Right to Buy or Shared Ownership?
It’s been a very busy week in the mortgage market. Lots of rate volatility as lenders long term fixed rates begin to creep up, along with many delays across the market as lenders struggle to cope with rising volumes as people snap up great rates before they increase! Unfortunately, it also means that some funding levels are being fully utilised and one such example is with our good friends at the Saffron Building Society who have shut their doors temporarily for this exact reason. They follow a number of lenders who temporarily suspended lending in early August. But we hope to see them return in the autumn with a great new range of products for 2014.
Many lenders are looking for niches in the market and two such examples are Right to Buys and Shared Ownership schemes.
Right to Buys are usually via the local council selling their properties to the existing tenant at a discounted price. This discount can be up to £75k and tenants must have been with the council for five years or more. Some lenders will allow borrowing of up to 100% and possibly slightly more if the extra funds are to be used purely for home improvements. If you resell your home within five years you will usually have to repay some, or all, of the discount you received, however remortgaging is usually allowed in this time period. This is covered under the term Pre-emption Clause.
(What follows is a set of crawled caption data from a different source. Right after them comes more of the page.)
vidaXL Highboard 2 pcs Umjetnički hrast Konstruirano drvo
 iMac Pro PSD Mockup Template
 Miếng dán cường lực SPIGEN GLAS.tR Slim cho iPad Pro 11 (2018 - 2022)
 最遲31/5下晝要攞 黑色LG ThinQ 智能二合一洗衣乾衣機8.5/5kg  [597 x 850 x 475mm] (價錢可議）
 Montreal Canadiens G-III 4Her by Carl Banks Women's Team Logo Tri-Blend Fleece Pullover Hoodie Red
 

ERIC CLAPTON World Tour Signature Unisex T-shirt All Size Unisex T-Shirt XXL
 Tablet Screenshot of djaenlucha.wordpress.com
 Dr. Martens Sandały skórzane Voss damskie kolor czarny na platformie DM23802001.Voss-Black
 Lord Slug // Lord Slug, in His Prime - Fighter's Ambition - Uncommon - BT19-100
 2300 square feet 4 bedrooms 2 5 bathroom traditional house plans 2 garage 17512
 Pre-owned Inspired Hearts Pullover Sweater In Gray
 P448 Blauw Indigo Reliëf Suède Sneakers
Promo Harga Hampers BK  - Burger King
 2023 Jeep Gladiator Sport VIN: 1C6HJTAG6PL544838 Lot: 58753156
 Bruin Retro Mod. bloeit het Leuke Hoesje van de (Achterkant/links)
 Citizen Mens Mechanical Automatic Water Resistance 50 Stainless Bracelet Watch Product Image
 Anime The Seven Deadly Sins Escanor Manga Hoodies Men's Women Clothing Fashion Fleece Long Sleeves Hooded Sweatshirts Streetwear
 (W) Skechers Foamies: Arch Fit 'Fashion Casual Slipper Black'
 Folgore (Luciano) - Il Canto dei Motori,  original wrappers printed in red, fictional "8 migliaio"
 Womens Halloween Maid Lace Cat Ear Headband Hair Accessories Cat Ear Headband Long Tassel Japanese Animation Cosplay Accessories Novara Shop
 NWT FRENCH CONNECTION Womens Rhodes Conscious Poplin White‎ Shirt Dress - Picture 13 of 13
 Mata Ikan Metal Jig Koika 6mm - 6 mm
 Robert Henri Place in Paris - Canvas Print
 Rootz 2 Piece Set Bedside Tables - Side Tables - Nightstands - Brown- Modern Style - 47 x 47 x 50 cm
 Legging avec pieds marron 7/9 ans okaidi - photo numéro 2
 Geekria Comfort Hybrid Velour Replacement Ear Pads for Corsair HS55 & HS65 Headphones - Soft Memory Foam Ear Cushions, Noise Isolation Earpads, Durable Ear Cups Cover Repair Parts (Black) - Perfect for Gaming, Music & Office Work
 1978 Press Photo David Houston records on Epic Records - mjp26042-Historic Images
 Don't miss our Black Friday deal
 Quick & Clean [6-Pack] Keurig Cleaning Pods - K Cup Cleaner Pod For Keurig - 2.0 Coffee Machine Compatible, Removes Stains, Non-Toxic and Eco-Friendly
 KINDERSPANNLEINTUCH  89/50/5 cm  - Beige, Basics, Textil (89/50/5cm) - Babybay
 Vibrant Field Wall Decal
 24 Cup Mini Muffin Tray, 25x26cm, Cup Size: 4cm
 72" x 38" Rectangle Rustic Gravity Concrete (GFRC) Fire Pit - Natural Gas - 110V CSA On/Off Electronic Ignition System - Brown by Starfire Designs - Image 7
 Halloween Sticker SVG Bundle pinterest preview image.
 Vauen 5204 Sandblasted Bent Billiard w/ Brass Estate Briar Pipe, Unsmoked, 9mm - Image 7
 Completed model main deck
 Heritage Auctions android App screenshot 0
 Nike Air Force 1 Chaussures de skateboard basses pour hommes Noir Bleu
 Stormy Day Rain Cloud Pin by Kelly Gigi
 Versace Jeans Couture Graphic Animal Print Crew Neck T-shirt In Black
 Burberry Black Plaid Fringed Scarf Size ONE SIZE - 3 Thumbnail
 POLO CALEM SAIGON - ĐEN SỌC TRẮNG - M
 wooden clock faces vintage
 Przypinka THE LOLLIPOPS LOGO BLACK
Shared Ownership Schemes are provided through housing associations. You buy a share of your home, between 25% and 75% of the property value, and pay rent on the remaining share to the housing association. You usually have the opportunity to purchase a bigger share of the property later on (known as ‘staircasing’). Local housing associations must confirm your eligibility in order to join these types of schemes.
Both schemes are proving popular in the local area and a wide number of lenders are looking to lend in both scenarios and to a number of different customer types, so always seek advice. Especially as some of these lenders are not household names. This should not deter you though as these lenders have a good funding arm and an appetite to lend!